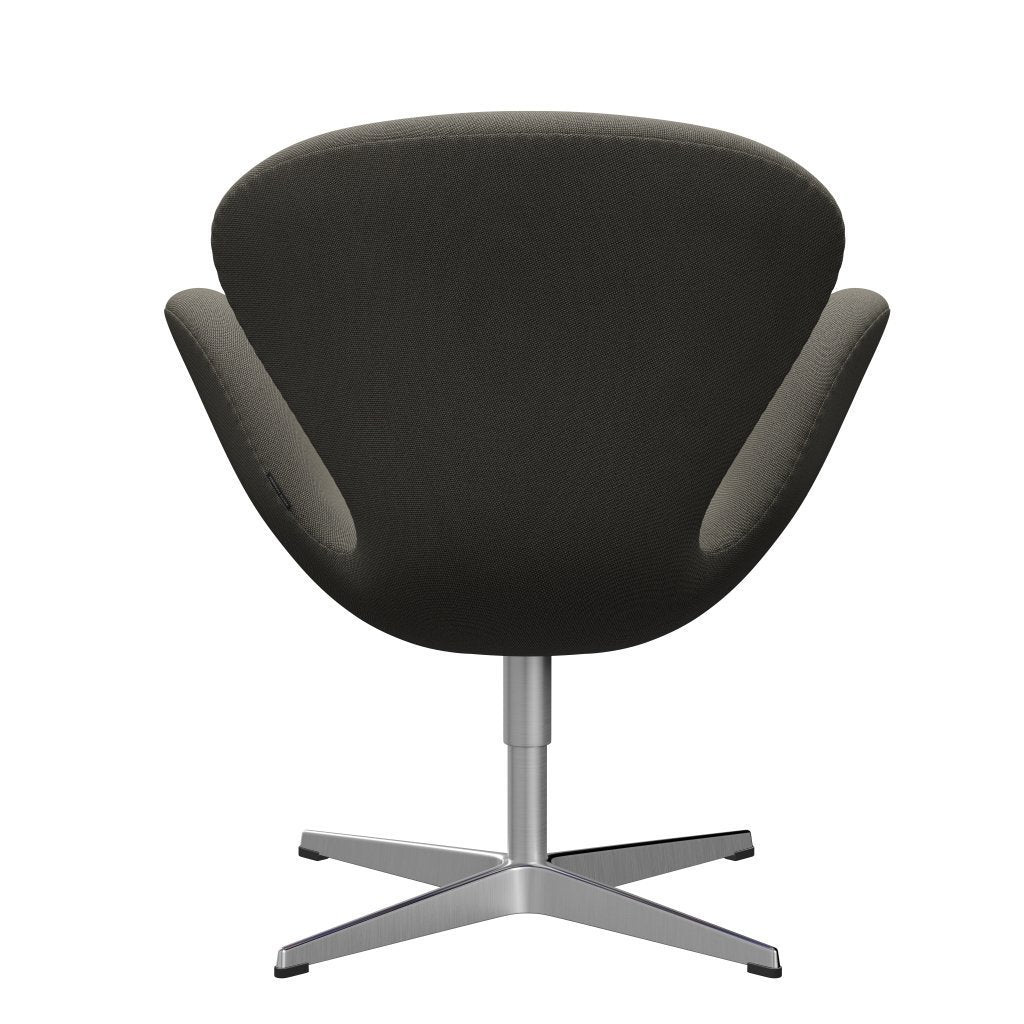 Fritz Hansen Swan Lounge Chair, Satin Brushed Aluminium/Rims Dark Grey/Beige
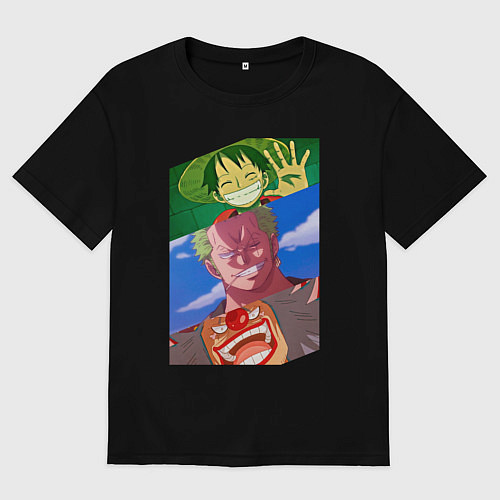 Мужская футболка оверсайз Персонажи Ван Пис / Черный – фото 1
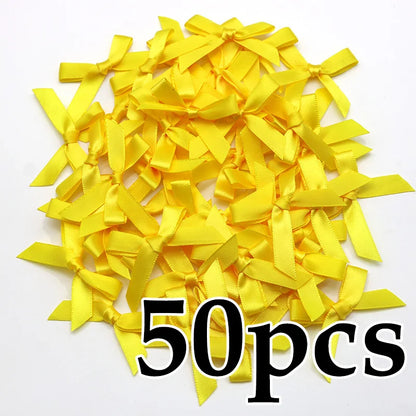 (50 Pcs) 4*4cm Colourful Ribbon Bows Small Size Polyester Satin Ribbon Bow Flower DIY Craft Decoration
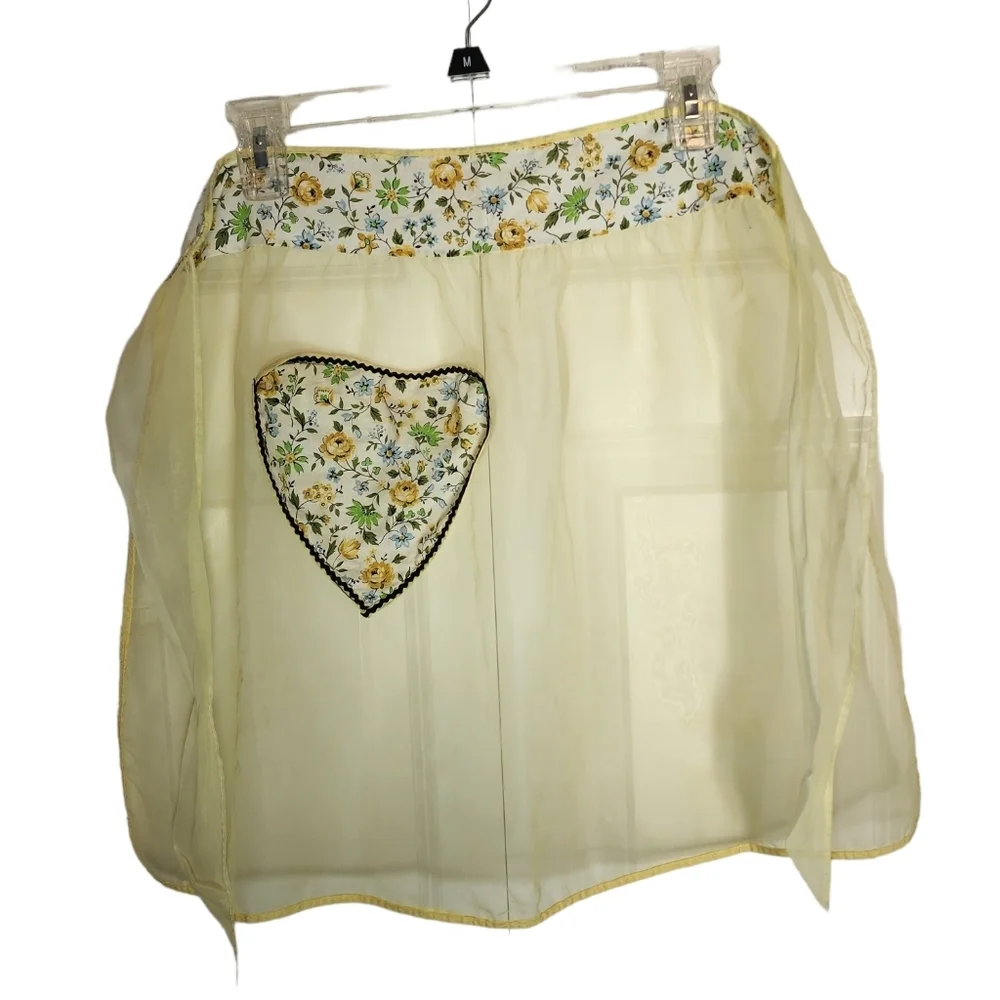 Vintage Yellow sheer 1 print pocket half apron OSFM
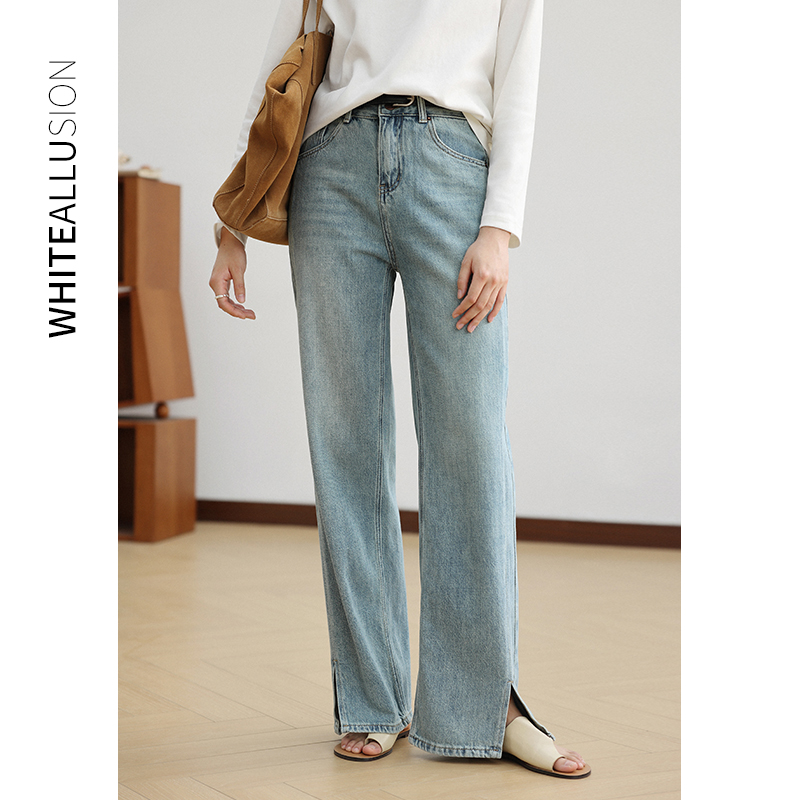 清仓【169】阔腿牛仔裤复古高腰宽松显瘦开叉长裤子直筒裤169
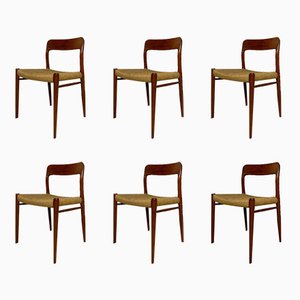 Chaises de Salle à Manger Vintage en Teck et Cordelette par Niels O. Møller pour Jl Møller, Danemark, 1950s, Set de 6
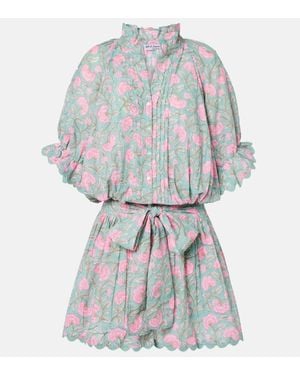 Juliet Dunn Floral Cotton Minidress - Blue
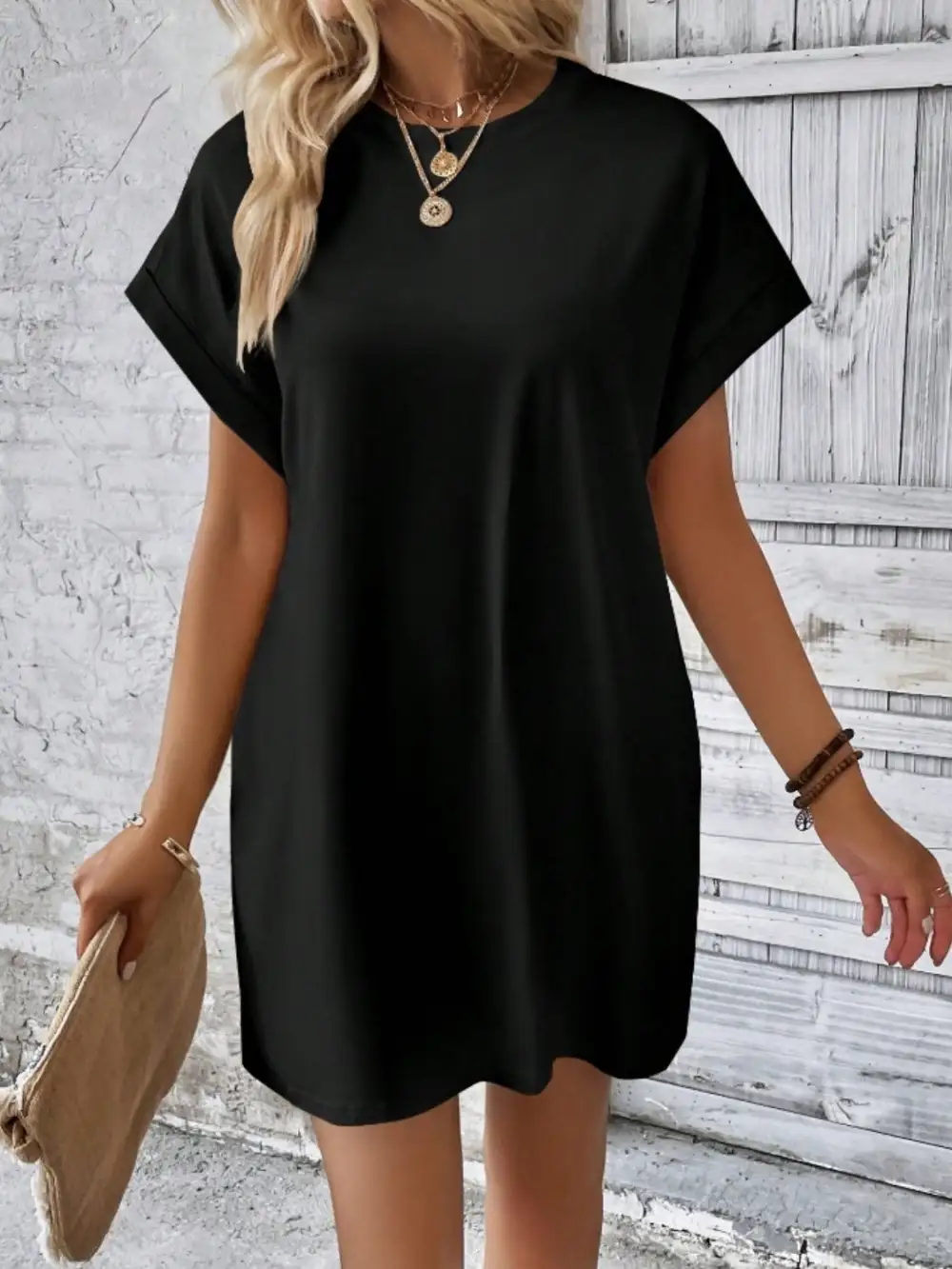 Round-Neck Short-Sleeve Cotton Casual Dress
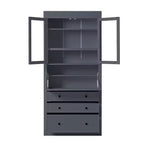 Whisen 78, Meuble de rangement de cuisine autoportant, Armoire haute avec étagères réglables, 3 tiroirs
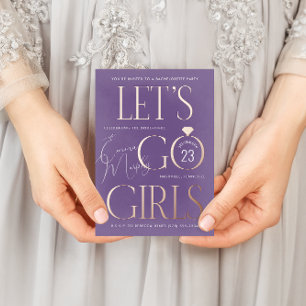 Invitation En Aluminium Purple Lets Go Girls Bachelorette Party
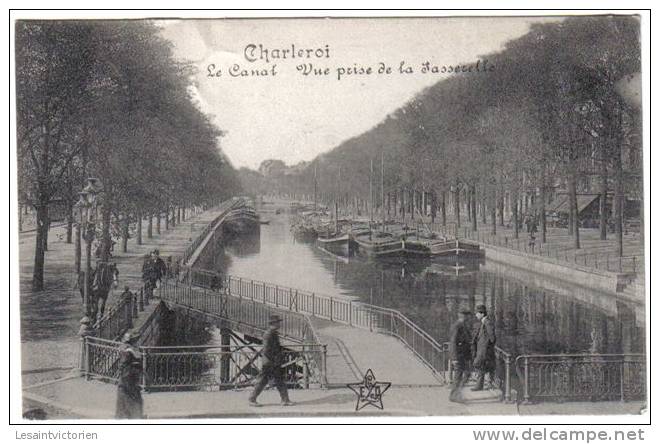 CHARLEROI CANAL PENICHES VUE PRISE DE LA PASSERELLE - Charleroi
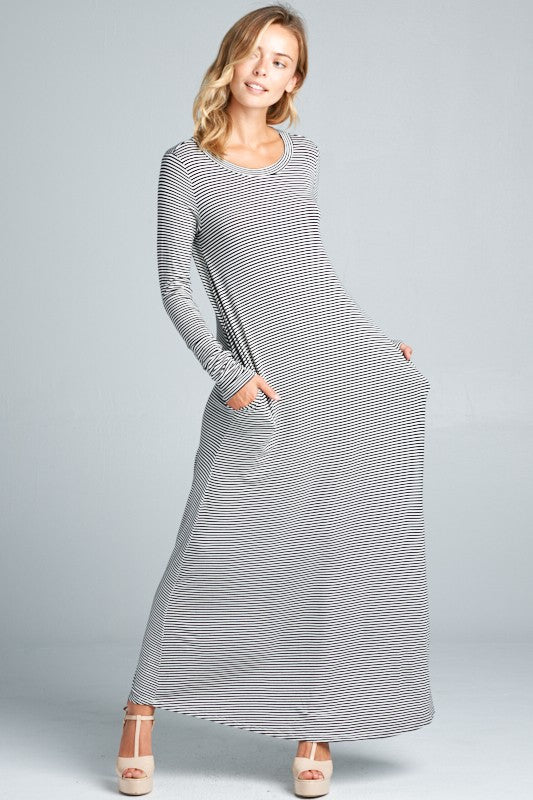 PIN STRIPE LONG SLEEVE SIDE POCKET MAXI DRESS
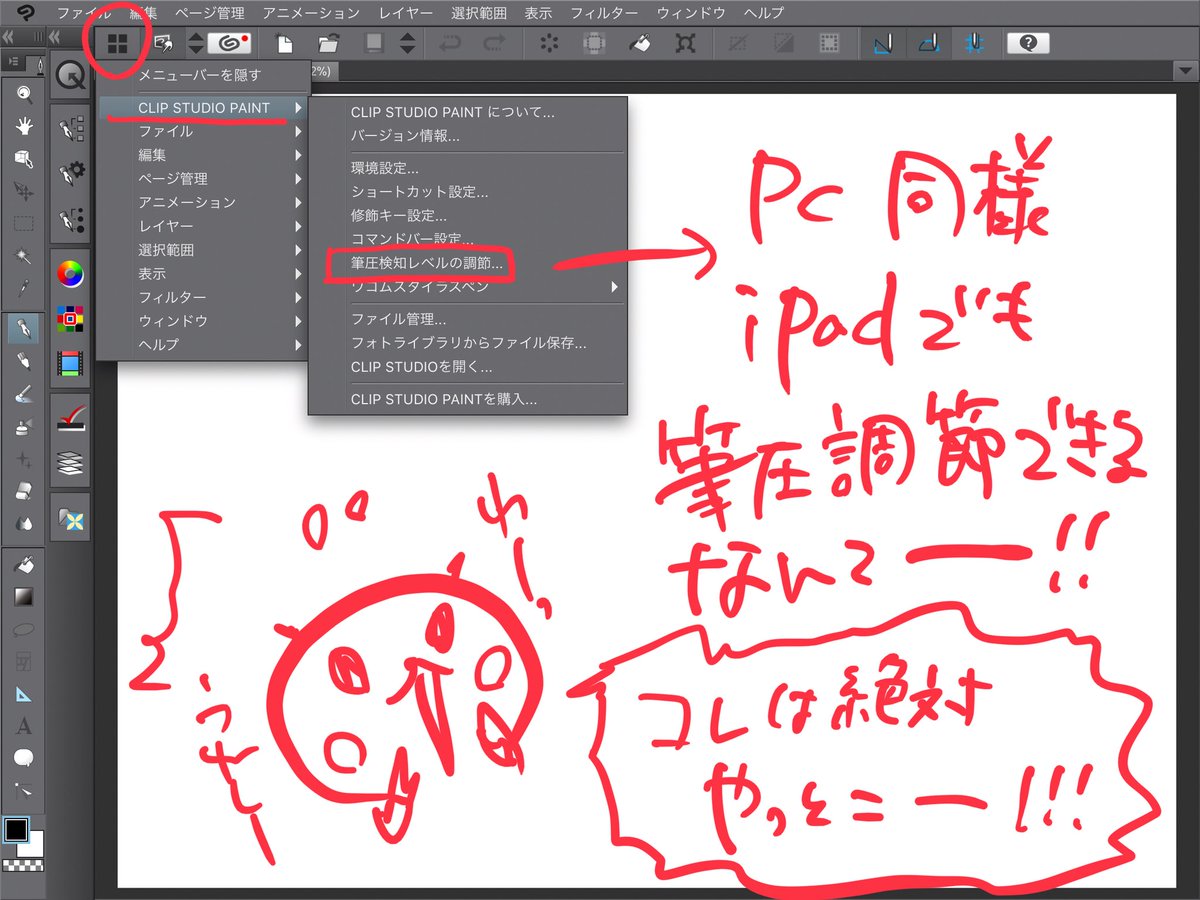 O Xrhsths 竹野カエ Sto Twitter Ipad版クリスタめっちゃ描き易いやないかー Pc版とほぼ同じやから取っ付き易いし最高コレ最高 ありがとうございますセルシス様 まず触り易いように色々弄り中ー 筆圧調節まだの方はまずここ弄ると描き心地さらに良く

..............................

_Instructions to follow_:
Write out every entry above exactly as it stands, minus the pictures.

_Answer to this task_:
 Fritz Hansen Swan Lounge Chair, Satin Brushed Aluminium/Rims Dark Grey/Beige
 Мужская футболка оверсайз Персонажи Ван Пис / Черный – фото 1
 (50 Pcs) 4*4cm Colourful Ribbon Bows Small Size Polyester Satin Ribbon Bow Flower DIY Craft Decoration
 Vintage Yellow sheer 1 print pocket half apron OSFM
 清仓【169】阔腿牛仔裤复古高腰宽松显瘦开叉长裤子直筒裤169
 Chaises de Salle à Manger Vintage en Teck et Cordelette par Niels O. Møller pour Jl Møller, Danemark, 1950s, Set de 6
 Juliet Dunn Floral Cotton Minidress - Blue
 Round-Neck Short-Sleeve Cotton Casual Dress
 Whisen 78, Meuble de rangement de cuisine autoportant, Armoire haute avec étagères réglables, 3 tiroirs
 Invitation En Aluminium Purple Lets Go Girls Bachelorette Party
 CHARLEROI CANAL PENICHES VUE PRISE DE LA PASSERELLE - Charleroi
 PIN STRIPE LONG SLEEVE SIDE POCKET MAXI DRESS
 O Xrhsths 竹野カエ Sto Twitter Ipad版クリスタめっちゃ描き易いやないかー Pc版とほぼ同じやから取っ付き易いし最高コレ最高 ありがとうございますセルシス様 まず触り易いように色々弄り中ー 筆圧調節まだの方はまずここ弄ると描き心地さらに良く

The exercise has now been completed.